Elle se souvient pourtant de matins lumineux où tout semblait simple à marcher parmi les herbes folles.
Elle pourrait retrouver cette sensation de plénitude, de liberté, de simplicité.
L’énergie la guidait, elle voyait très bien l’avenir, simple, tout tracé.
Pas si bien justement, car elle refuse ce qui est tout tracé. Ce n’est pas ce qu’elle veut, c’est autre chose, elle ne sait quoi. Elle essaie des choses, trop timides pourtant. Il faudrait de l’amplitude, de l’ampleur, du risque peut-être. Elle ne le prend pas, quelque chose la retient. La malédiction d’être une fille, même différente, peut-être.
Pourquoi recule-t-elle maintenant ? Pourquoi cette voie moyenne, alternative certes, sans grandeur non plus. Elle n’ose pas autre chose. Elle se trompe.
Elle se case, elle abandonne, elle renonce.
Elle ne le sait pas encore, elle croit faire un choix hors norme, exceptionnel, courageux, différent.
Je vois pourtant de quoi elle était capable, différente et fière. Je la vois si solide, elle ne l’était pas.
Je la vois qui supporte, qui s’ennuie, qui erre parmi le monde.
Elle est forte encore et ne rompt pas. Jamais. Elle chancelle.
La chute la libère. Une chute vertigineuse. Elle pleure beaucoup. De dépit aussi.
Qu’y a-t-il de pire que de chuter en ayant choisi la prudence, ce qui était presque la prudence.
Elle a dix ans à nouveau. La certitude de sa différence. Tout peut être à nouveau lumineux, improbable, non écrit.
Tout ce temps perdu, pas tant que ça en fait. Le temps de se trouver, de comprendre sa différence, d’essayer de devenir bienveillante pour elle et pour les autres. Pas si différente des autres. Hommes et femmes.
Très touchant. Ce texte pourrait presque s’appeler « Grandir »…

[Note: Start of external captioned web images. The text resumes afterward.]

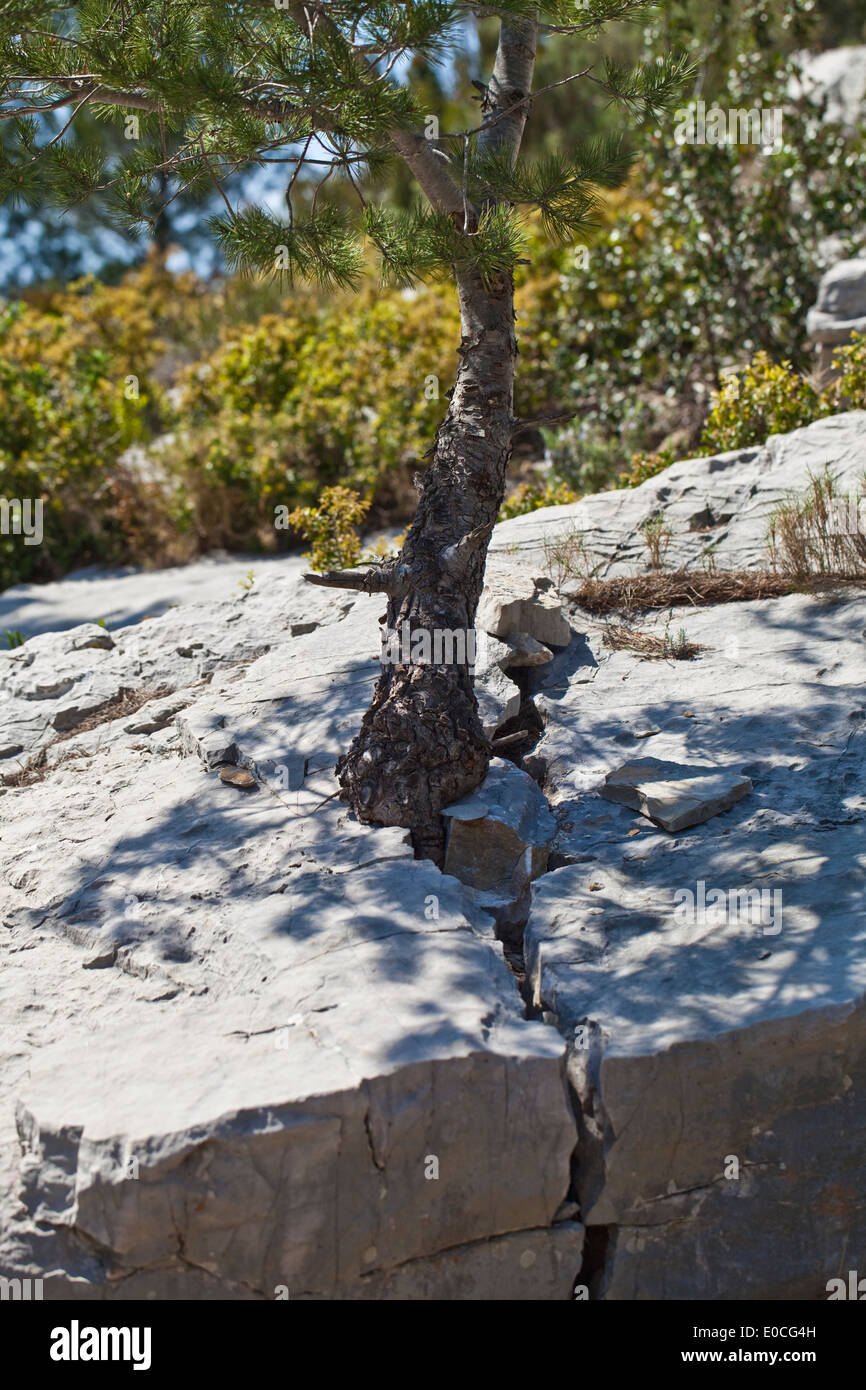 Cracking Up Stock Photos & Cracking Up Stock Images Alamy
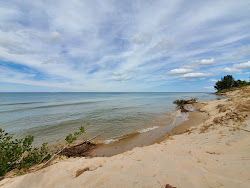 Zdjęcie Golden Township Beach z poziomem czystości wysoki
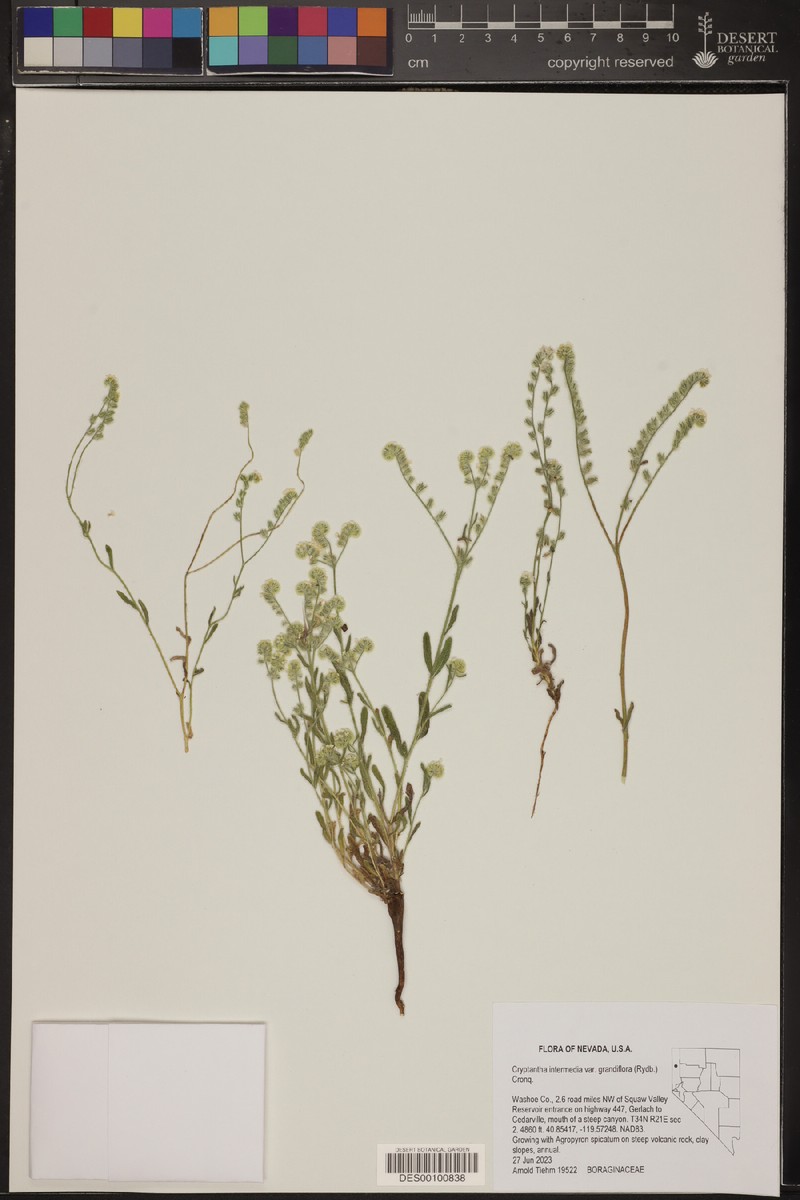 Cryptantha grandiflora photo 5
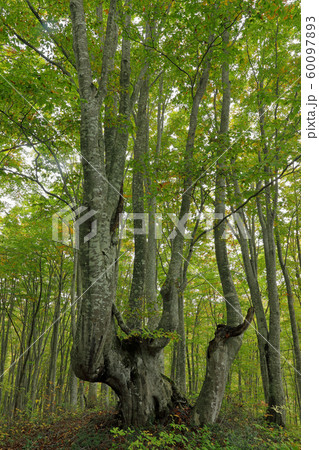 秋のブナあがりこ－梁取のブナ林　福島県只見町 60097893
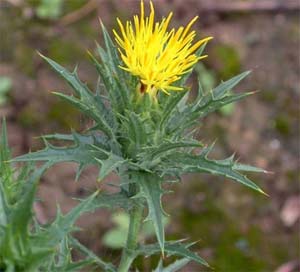 Safflower seeds - A new source of insulin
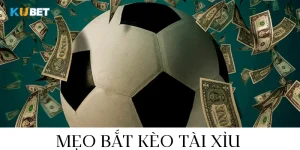 mẹo bắt kèo tài xỉu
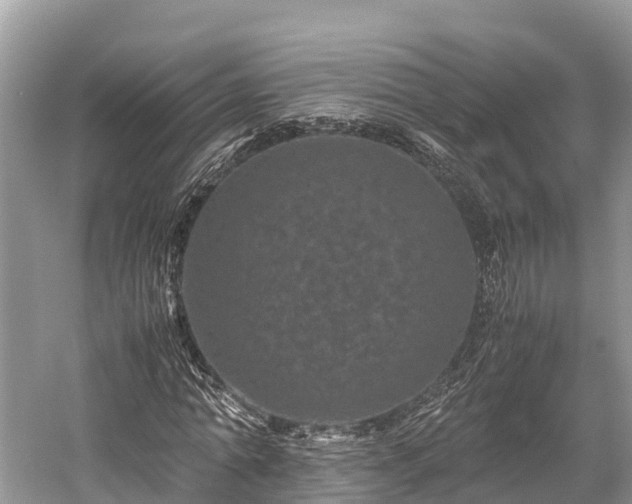 X0000059850774200510241503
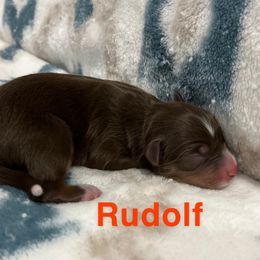 Rudolf - Red Miniature Australian Shepherd puppy in Texas from Backwood Trails Australian Shepherds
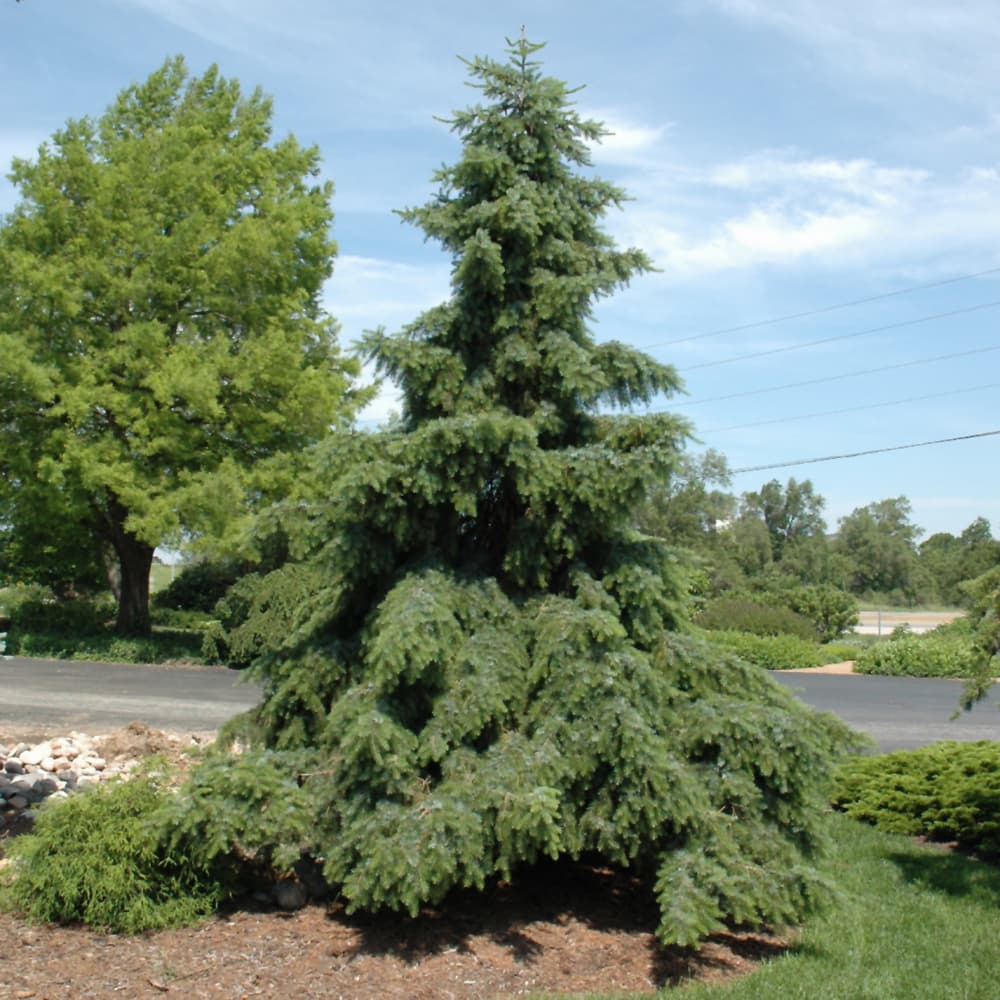 NetPS Plant Finder (www.netpsplantfinder.com)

Merci. Grandir ou vieillir.
« L’une qui donne le change et l’autre qui ment », c’est très fort
et le Temps avec sont grand T (comme terrible) qui plane au-dessus de tout comme un rapace
Merci. En essayant de suivre rigoureusement les articulations du texte de Bonnefoy, j’ai réussi à le comprendre. Merci François.
En revanche, je n’ai pas réussi à y mettre, contrairement à toi, et à Bonnefoy du concret. Et ça reste un peu « jus de tête »,mais l’exercice était passionnant.
Très beau, très touchant ce parcours, très intéressant, et cette possibilité de retrouver la solitude et la confiance justes de l’enfance (l’orgueil de sa différence ) et s’en trouver encore soutenue.